What’s the best advice you’ve received about writing?
That writing is a craft for people who find writing hard. In other words, if it comes too easy you probably haven’t dug deeply enough.
What’s the most surprising thing you’ve ever heard or read about yourself ?
You’d be surprised how even the wildest of confessions will be greeted with a snort of recognition by many thousands of seemingly normal people.
So far I’ve found it impossible to get published in the UK, despite a book that’s largely set there. On the other hand, I’ve been quite a hit in Poland. (Which just proves how the Poles are great judges of writing).
If you weren’t writing, what do you think you’d be doing instead?
I think my compulsion would make me write whatever else I was doing.
There’s much debate on whether creative writing can be taught – what’s your view?
I certainly think you can train yourself through writing – hopefully with a friend or a teacher or an editor giving feedback. Writers often talk about the sensation of a muse coming to provide guidance at some critical moment, which is really just your writing muscles, having been trained up over years, coming to your aid.

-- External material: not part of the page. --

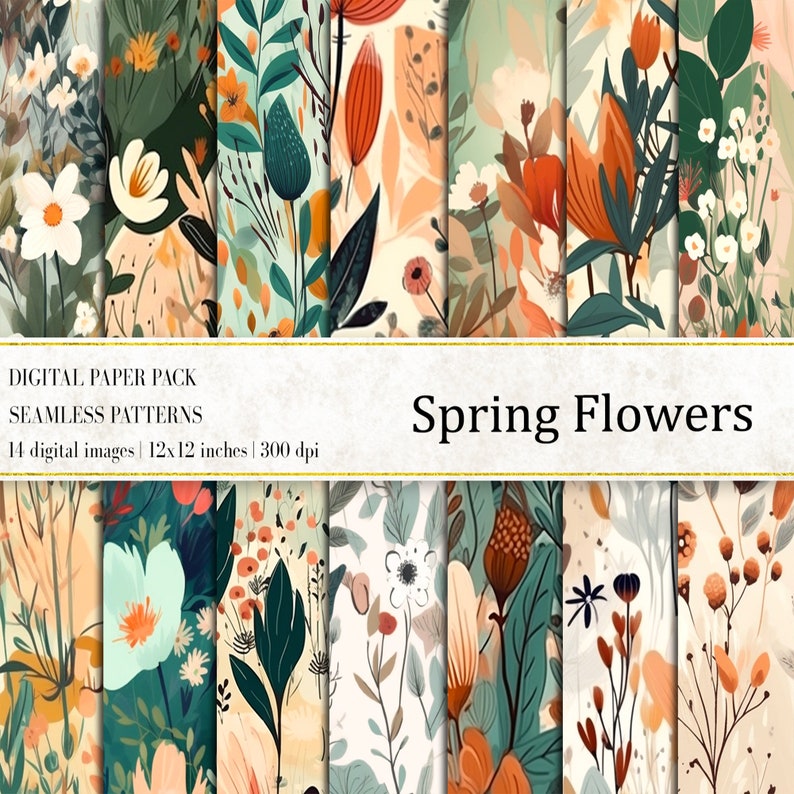 Watercolor Floral Digital Papers: Spring Flower Prints (digital ...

What’s your advice for someone wanting to be a writer?
The old Mark Twain advice is pretty good: ‘bottom to chair’. Also not to be worried about exploring quite odd things about your own psyche or that of others. You’d be surprised how even the wildest of confessions will be greeted with a snort of recognition by many thousands of seemingly normal people.
Do you buy your books online, in a physical bookshop, or both?
I mainly buy the real thing in a bookshop, but I also enjoy allowing a mania to take hold in which I read an author’s whole backlist in a fever of consumption – for me, most recently, it was the great Michael Frayn binge of March. And, for that, the instant delivery of an ebook is pretty useful.
If you could go out to dinner with any fictional character, who would it be and why?
I’d like to talk about nature with Levin from Anna Karenina.
What’s the book that’s had the most significant impact on your life or work – and why?
Good comic writing often lulls the reader into thinking the sentence is headed in one direction, before delivering a sudden switch of direction, hopefully tumbling the reader into laughter. I won’t claim to be adept at the trick myself, but I have certainly marinated myself in the work of people who are: PG Wodehouse, Alan Coren, Bill Bryson, Tina Fey and so on.